First Nation chief threatens Harper government suit for years of boarding home experience

From CBC News ...

Boarded students cheated of residential schools compensation: chief

November 26, 2007 - A Manitoba First Nations chief is preparing to sue the federal government, alleging Ottawa is denying some former residential-school students their full compensation because they boarded with non-aboriginal families instead of living at the institutions.

Stanley Daniels expected to receive about $28,000 in compensation for seven years he spent at a residential school in Dauphin, Man.

Instead, he received less than half of that.

"It's very unfair," he said. "I've been there a lot longer than a lot of people, and they got more than I did."

Unlike many of his classmates at the school, Daniels was housed off school property with white families for five of the seven years he attended the Dauphin school.

Because he was boarded out, the rules governing the compensation program say he is not eligible for compensation for those years.

Daniels says that's just wrong.

"I lost seven years of my life. All those years you could have been with your family, and it's all gone."

Daniels is appealing the government's decision, as are others from his reserve, the Peguis First Nation, who have received similar news.

Only courts can change rules: Ottawa

If they lose, Peguis Chief Glen Hudson says he is prepared to launch a lawsuit on their behalf.

"They were taken away from their homes and they were wards of these organizations, so they should be receiving that compensation," Hudson told CBC News.

Federal officials told CBC they didn't realize native children had been boarded out, but they can't change the rules for compensation now. Only the courts can do that, they said.

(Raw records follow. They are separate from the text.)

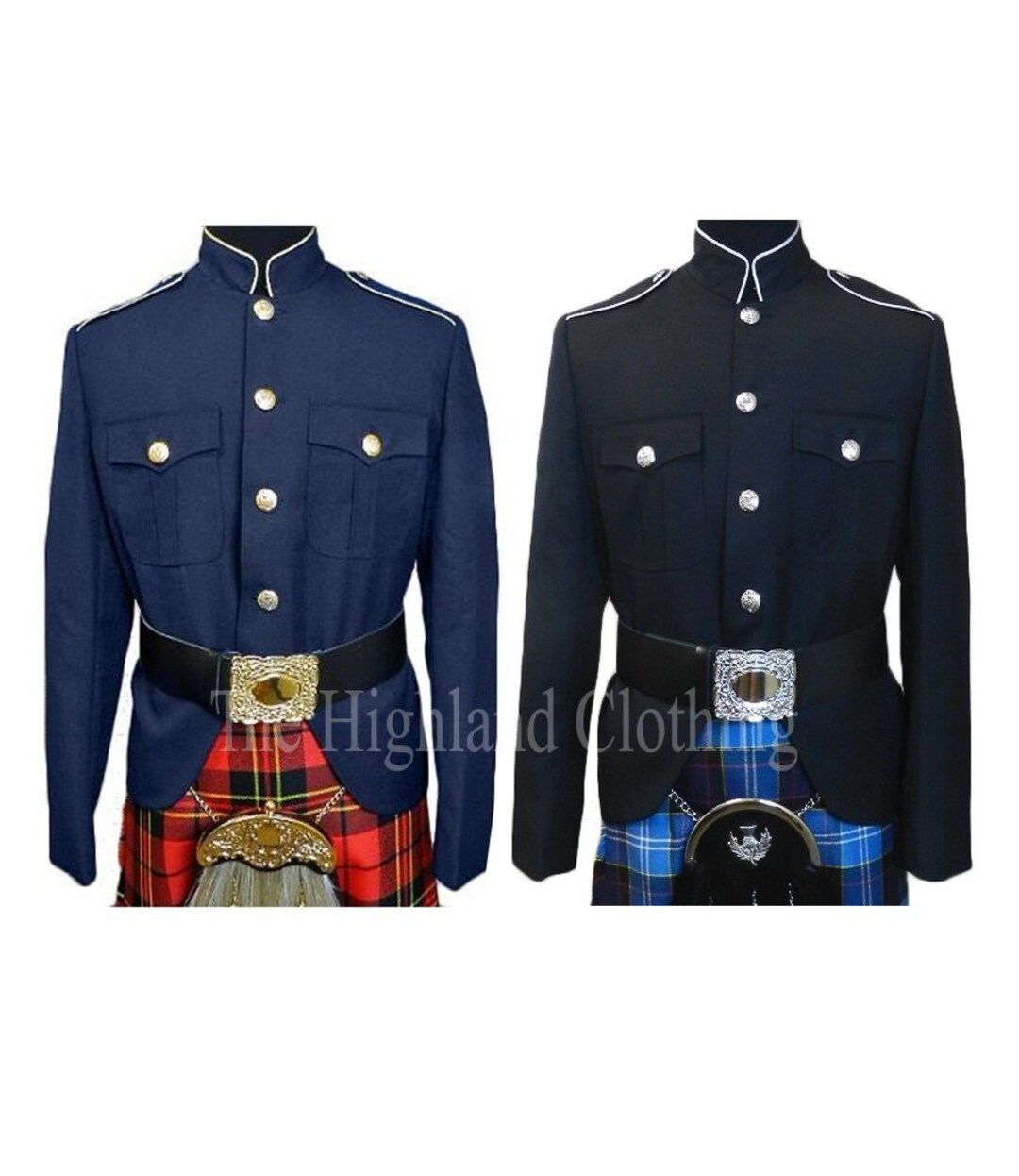 Scottish Class A Honor Guard Blue Kilt Jacket for Men With White Trim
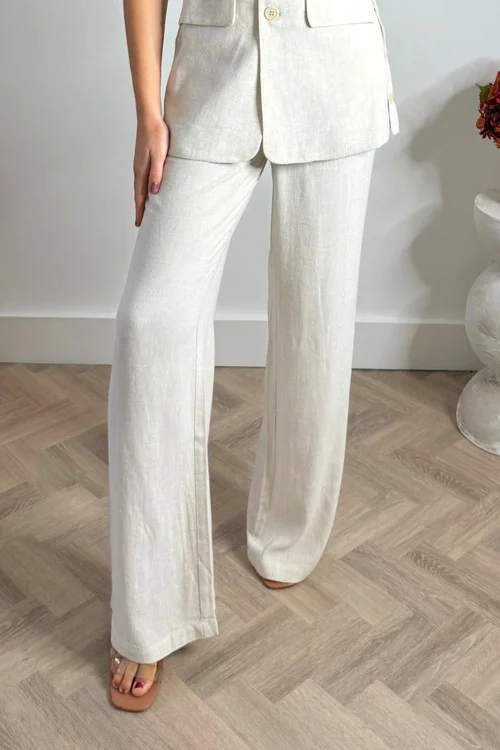 Style Cheat Claire Neutral Linen Straight Leg Trouser - 16 Image 2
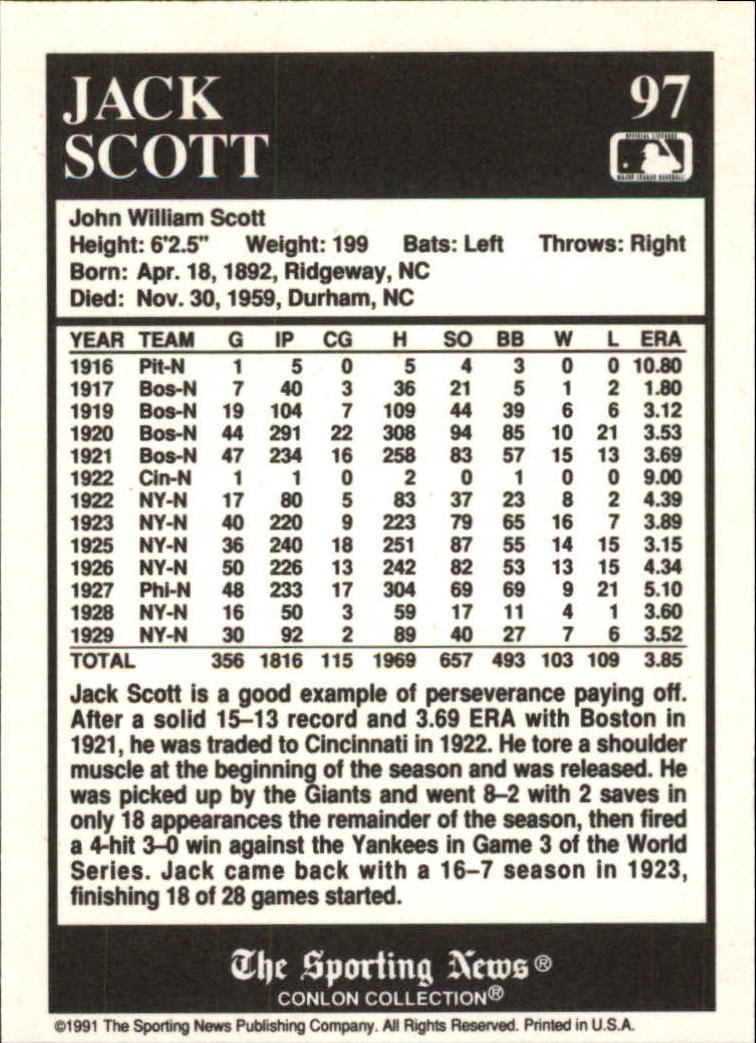 1991 Conlon TSN Baseball Card #97 Jack Scott - Vintage Sports Collectible for Display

Over the past two decades, more than 12,000 former students have filed legal claims against the federal government and the churches that ran the schools for much of the 20th century. Many of the claims alleged physical and sexual abuse, and said the schools caused them to lose their language and culture.

Under a $2-billion compensation plan approved earlier this year, every student who went to a residential school is entitled to "common-experience payments" of $10,000 plus an extra $3,000 for each year the student attended.

An estimated 80,000 former students are expected to receive financial compensation.